A Coleta Seletiva do Lixo no Anexo IV

Contexto:

Governos, Organizações Não Governamentais (ONGs) e empresas privadas vêm unindo forças na busca do melhor caminho para obtenção de maior lucro socioambiental. No entanto, essas iniciativas ainda são insuficientes se observarmos a totalidade da questão e as discrepâncias de alguns países em relação ao enorme passivo socioambiental. Para o equilíbrio dos interesses sociais, ambientais, políticos e econômicos, é necessário o bom desempenho de todos os segmentos da sociedade.

Nesse contexto, cada ente público tem papel estratégico no processo de inserção das questões socioambientais em suas atividades. É tarefa do Estado dar o exemplo, participando ativamente na consolidação dos princípios básicos do desenvolvimento sustentável e cabe a sociedade apoiar e complementar esse esforço.

A Câmara dos Deputados, para cumprir suas atribuições constitucionais, utiliza significativa quantidade de bens materiais resultantes da transformação dos recursos naturais, em suas atividades de rotina.

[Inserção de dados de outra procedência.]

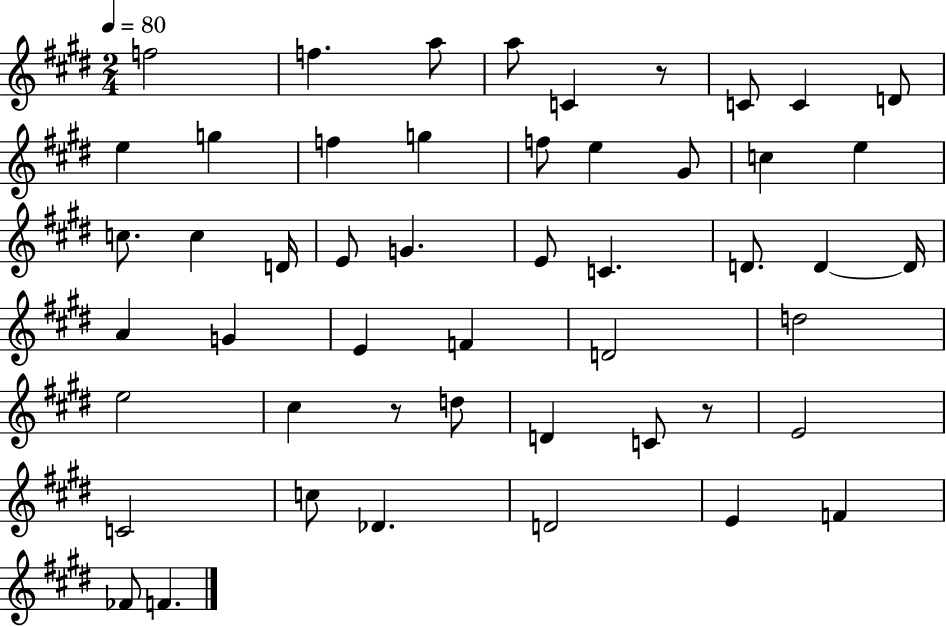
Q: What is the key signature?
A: E major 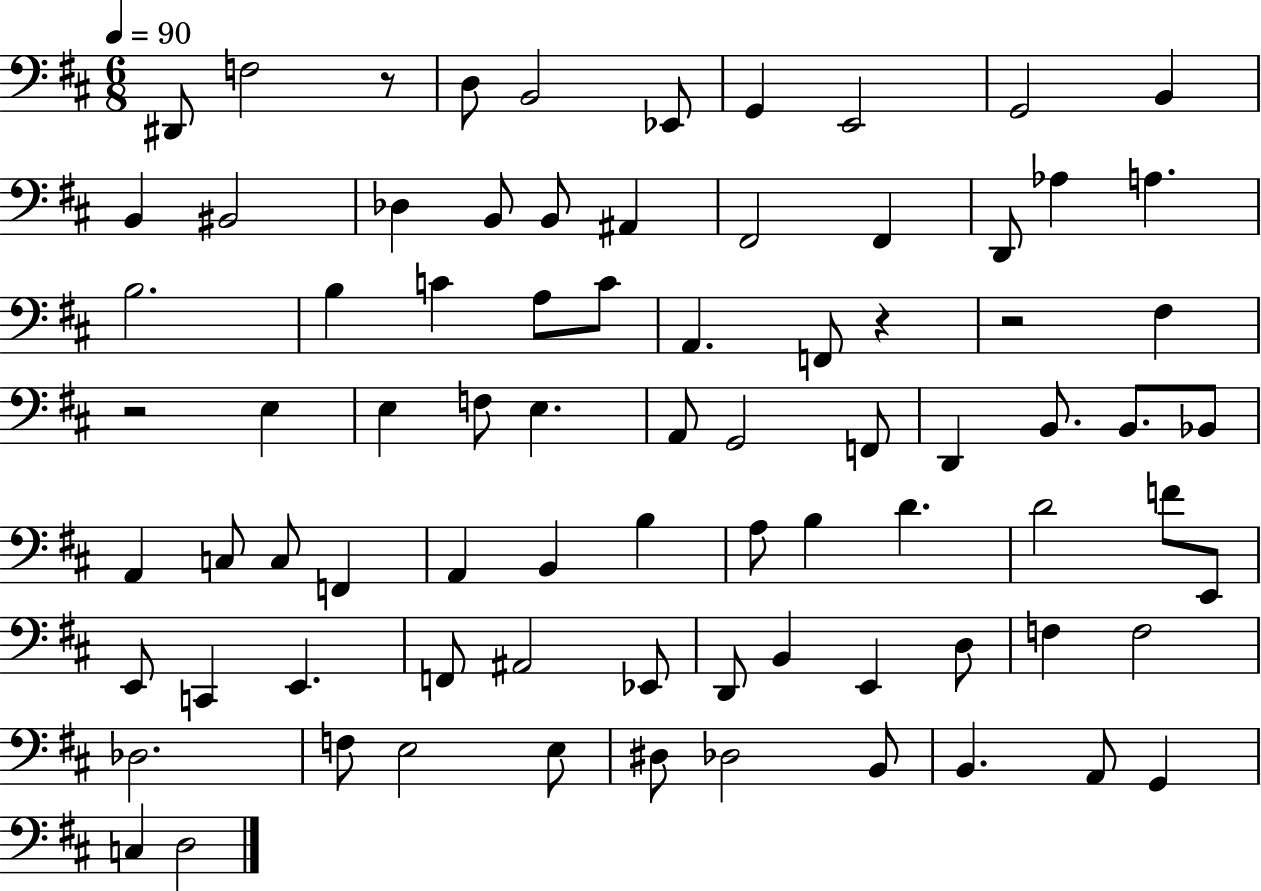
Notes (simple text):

D#2/e F3/h R/e D3/e B2/h Eb2/e G2/q E2/h G2/h B2/q B2/q BIS2/h Db3/q B2/e B2/e A#2/q F#2/h F#2/q D2/e Ab3/q A3/q. B3/h. B3/q C4/q A3/e C4/e A2/q. F2/e R/q R/h F#3/q R/h E3/q E3/q F3/e E3/q. A2/e G2/h F2/e D2/q B2/e. B2/e. Bb2/e A2/q C3/e C3/e F2/q A2/q B2/q B3/q A3/e B3/q D4/q. D4/h F4/e E2/e E2/e C2/q E2/q. F2/e A#2/h Eb2/e D2/e B2/q E2/q D3/e F3/q F3/h Db3/h. F3/e E3/h E3/e D#3/e Db3/h B2/e B2/q. A2/e G2/q C3/q D3/h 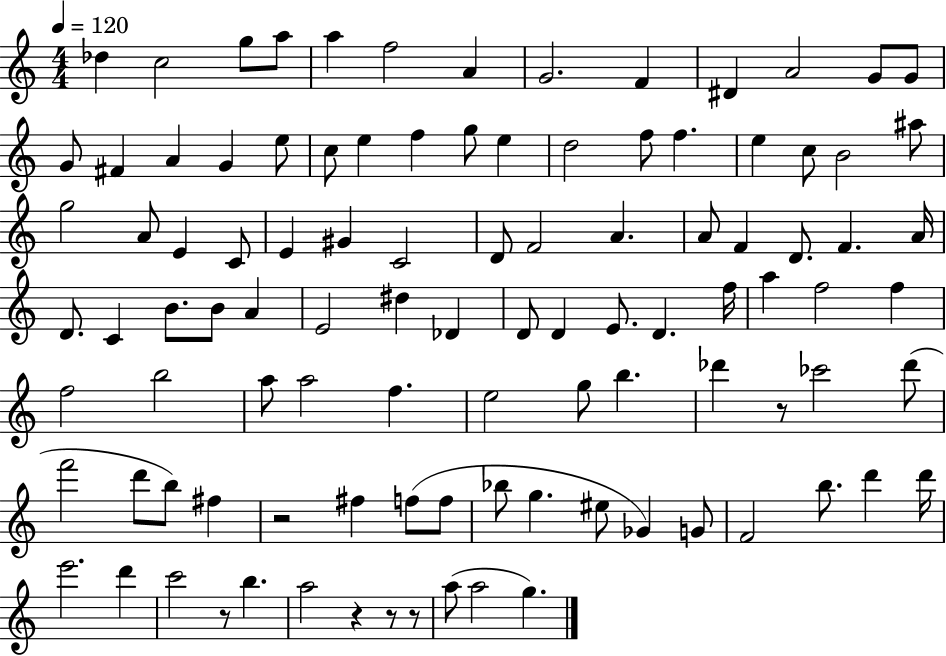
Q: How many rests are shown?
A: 6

Diante desse fato, preocupa-se com o uso eficiente desses recursos e propõe-se a alterar os atuais padrões de consumo para a consolidação de referenciais compatíveis com esforços dos demais segmentos sociais.

Para concretizar as suas ações, a Câmara dos Deputados criou, em 2003, o Núcleo de Gestão Ambiental, dando assim continuidade às suas atividades de internalização das questões socioambientais, espelhando suas ações na Política Nacional de Meio Ambiente e estabelecendo seus próprios princípios, comprometendo-se a:

  • Defender e respeitar o meio ambiente, praticando a transversalidade de aspectos socioambientais em suas atividades, prevenindo a poluição e promovendo a melhoria das condições ambientais em suas edificações e áreas adjacentes;
  • Observar as leis e regulamentos aplicáveis ao meio ambiente;
  • Implantar e manter procedimentos e melhores práticas ambientais em seus diversos segmentos administrativos, inserindo novos padrões ambientais em suas diversas atividades;
  • Gerir informações sobre questões ambientais e promover sua disseminação, com os propósitos de atender a demandas e possibilitar a permanente formação de colaboradores.

1. Apresentação

O presente documento tem como objetivo apresentar informações sistematizadas sobre a geração e o monitoramento de resíduos gerados na Câmara dos Deputados, tendo como foco aqueles gerados no âmbito do Anexo IV, cujo procedimento de acompanhamento quali-quantitativo servirá de modelo para os demais anexos.

A Câmara dos Deputados iniciou a coleta seletiva dos materiais recicláveis, da forma como hoje acontece, em 2002, tendo como mascote a personagem Ecologilda. Residuos Anexo IVfoto2

Visual dos cartazes da campanha de sensibilização fixados nas dependências da Câmara.

Existem registros anteriores que evidenciam que a prática de segregação e venda dos materiais recicláveis já acontecia anteriormente, e estava sendo conduzida pela ASCADE - Associação dos Servidores da CD. Era ela que arrecadava os recursos financeiros provenientes da venda destes materiais.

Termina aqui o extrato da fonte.